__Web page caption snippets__
+++

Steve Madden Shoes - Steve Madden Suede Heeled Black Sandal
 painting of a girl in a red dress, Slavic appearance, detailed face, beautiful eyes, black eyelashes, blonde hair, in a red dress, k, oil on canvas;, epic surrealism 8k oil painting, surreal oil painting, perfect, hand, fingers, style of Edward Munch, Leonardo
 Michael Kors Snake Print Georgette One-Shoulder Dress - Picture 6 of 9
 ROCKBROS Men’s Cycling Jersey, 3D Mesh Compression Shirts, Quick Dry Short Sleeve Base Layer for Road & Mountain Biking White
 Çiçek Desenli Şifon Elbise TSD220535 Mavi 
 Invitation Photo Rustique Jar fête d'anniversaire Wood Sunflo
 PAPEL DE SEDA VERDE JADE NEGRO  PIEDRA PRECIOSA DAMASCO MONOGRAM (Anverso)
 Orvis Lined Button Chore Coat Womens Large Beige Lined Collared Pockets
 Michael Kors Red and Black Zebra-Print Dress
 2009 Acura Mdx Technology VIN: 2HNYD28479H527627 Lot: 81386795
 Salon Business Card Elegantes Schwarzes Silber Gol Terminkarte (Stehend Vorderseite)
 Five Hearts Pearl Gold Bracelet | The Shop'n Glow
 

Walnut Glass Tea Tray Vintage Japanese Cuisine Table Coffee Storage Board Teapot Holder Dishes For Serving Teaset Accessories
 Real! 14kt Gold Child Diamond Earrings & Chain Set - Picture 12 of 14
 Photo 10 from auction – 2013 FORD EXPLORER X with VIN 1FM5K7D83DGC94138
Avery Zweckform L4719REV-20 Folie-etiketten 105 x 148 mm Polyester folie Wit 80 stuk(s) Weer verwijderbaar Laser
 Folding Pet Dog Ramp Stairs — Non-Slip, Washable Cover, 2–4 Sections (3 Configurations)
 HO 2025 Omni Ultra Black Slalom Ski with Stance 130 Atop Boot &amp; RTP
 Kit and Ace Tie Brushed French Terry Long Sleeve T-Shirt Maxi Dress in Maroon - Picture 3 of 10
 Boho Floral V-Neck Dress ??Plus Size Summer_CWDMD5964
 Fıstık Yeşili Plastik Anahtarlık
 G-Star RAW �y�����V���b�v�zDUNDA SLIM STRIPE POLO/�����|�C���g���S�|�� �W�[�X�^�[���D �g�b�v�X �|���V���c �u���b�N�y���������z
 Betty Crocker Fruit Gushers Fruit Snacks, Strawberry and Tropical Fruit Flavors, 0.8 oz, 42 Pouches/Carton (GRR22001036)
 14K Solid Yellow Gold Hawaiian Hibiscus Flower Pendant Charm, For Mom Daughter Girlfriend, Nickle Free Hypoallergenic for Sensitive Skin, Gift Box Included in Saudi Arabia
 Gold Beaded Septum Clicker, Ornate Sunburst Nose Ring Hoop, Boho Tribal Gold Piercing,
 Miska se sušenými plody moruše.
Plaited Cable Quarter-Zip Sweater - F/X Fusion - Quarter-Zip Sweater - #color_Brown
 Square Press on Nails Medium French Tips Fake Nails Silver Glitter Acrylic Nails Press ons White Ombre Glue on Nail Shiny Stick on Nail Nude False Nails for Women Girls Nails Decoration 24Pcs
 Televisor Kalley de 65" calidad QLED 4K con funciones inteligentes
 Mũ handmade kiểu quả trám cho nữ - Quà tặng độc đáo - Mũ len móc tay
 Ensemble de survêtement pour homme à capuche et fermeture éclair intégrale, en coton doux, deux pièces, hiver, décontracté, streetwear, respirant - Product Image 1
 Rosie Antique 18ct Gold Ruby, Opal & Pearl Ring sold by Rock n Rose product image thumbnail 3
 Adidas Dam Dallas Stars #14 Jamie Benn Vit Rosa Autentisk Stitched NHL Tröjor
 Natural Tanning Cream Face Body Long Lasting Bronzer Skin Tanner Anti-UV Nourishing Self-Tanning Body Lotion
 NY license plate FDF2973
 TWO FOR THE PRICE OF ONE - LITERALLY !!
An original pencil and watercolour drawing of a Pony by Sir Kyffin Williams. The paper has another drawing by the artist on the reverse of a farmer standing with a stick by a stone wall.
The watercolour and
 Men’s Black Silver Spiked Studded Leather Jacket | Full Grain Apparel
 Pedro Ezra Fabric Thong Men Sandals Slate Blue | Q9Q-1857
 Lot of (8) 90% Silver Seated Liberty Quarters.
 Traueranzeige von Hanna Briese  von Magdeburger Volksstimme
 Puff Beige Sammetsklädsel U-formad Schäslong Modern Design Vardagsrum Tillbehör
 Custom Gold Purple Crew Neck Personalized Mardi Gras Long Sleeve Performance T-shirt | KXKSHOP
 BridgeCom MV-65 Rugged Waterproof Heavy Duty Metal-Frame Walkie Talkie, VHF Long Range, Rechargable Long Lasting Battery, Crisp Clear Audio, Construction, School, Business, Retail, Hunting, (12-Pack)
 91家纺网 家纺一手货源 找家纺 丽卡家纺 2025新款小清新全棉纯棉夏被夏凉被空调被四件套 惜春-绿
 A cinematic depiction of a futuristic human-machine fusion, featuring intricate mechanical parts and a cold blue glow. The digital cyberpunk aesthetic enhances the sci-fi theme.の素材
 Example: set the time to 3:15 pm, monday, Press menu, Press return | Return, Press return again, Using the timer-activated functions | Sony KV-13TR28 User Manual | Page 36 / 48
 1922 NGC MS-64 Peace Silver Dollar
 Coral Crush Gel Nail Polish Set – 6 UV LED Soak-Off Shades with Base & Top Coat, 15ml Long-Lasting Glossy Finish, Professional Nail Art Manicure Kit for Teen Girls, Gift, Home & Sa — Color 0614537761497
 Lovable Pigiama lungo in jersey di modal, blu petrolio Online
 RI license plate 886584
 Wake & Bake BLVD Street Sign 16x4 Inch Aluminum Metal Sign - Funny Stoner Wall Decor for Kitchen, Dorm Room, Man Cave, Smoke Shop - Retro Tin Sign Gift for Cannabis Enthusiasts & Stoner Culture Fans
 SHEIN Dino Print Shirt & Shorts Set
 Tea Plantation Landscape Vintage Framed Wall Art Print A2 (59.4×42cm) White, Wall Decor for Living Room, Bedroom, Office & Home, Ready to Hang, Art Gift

+++

__PROBLEM TO WORK ON__
Show me every line in the data above that includes "Metal".

__ANSWER TO THIS EXERCISE__
 BridgeCom MV-65 Rugged Waterproof Heavy Duty Metal-Frame Walkie Talkie, VHF Long Range, Rechargable Long Lasting Battery, Crisp Clear Audio, Construction, School, Business, Retail, Hunting, (12-Pack)
 Wake & Bake BLVD Street Sign 16x4 Inch Aluminum Metal Sign - Funny Stoner Wall Decor for Kitchen, Dorm Room, Man Cave, Smoke Shop - Retro Tin Sign Gift for Cannabis Enthusiasts & Stoner Culture Fans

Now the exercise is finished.